Third, the police resort to torture as a regular tool of the detection process can be discouraged by requiring that interrogation of witnesses and accused should invariably be videotaped. Fake confessions will not then be an easily sought solution, and fewer innocent people will be wrongly convicted. Videotaping has become a regular practice prescribed by law in two of the US states – Minnesota and Alaska – and is being voluntarily adopted in police departments elsewhere because of the frequency of wrongful convictions based on forced confessions. It would also help confirm police versions in trials. In the recent Bharat Shah prosecution in Mumbai, 13 witnesses in a row denied what they had earlier told the police. Videotaping is a simple inexpensive device crying out for adoption after the spate of witness denials that have lost so many trials for the prosecution. And yet the chance of its adoption is very slender. Sloppy investigators will fiercely resist any curb on their freedom to torture.

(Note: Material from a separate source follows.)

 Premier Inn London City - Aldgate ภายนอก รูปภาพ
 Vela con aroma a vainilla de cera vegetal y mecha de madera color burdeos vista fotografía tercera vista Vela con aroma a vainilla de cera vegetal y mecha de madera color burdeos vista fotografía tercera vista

If one could wish for the moon one would add to these prescriptions a hope that intake into the police at high level should be restricted to persons who are truly educated. Today it is generally those who fail to make it into the IAS or the IFS who enter the IPS. Entrants like Satish Sahney, a former Police Commissioner in Mumbai, and Vibhuti Rai, an Inspector General in UP are the very rare exceptions. One recalls what a distinguished Police Commissioner of New York and later of Philadelphia, Anthony V. Bouza, once wrote: ‘What police executive would believe that Ibsen, Shakespeare, Mozart, Wright, Goya and Melville hold the key to success in public office? Yet they provide the insights and understanding that lend wisdom to one’s inner view and grant the philosophical grasp to guide executives among the difficult public issues that dot their life. Dealing with myths, powerful groups, and mercurial constituencies requires a firm view of the objectives and of the means to achieve them.’

In India that kind of person is most unlikely to choose a service as discredited as the IPS to join, unless his motives are venal ab initio. So you get a police force that is widely despised, one that tops the list in corruption surveys like Transparency International’s.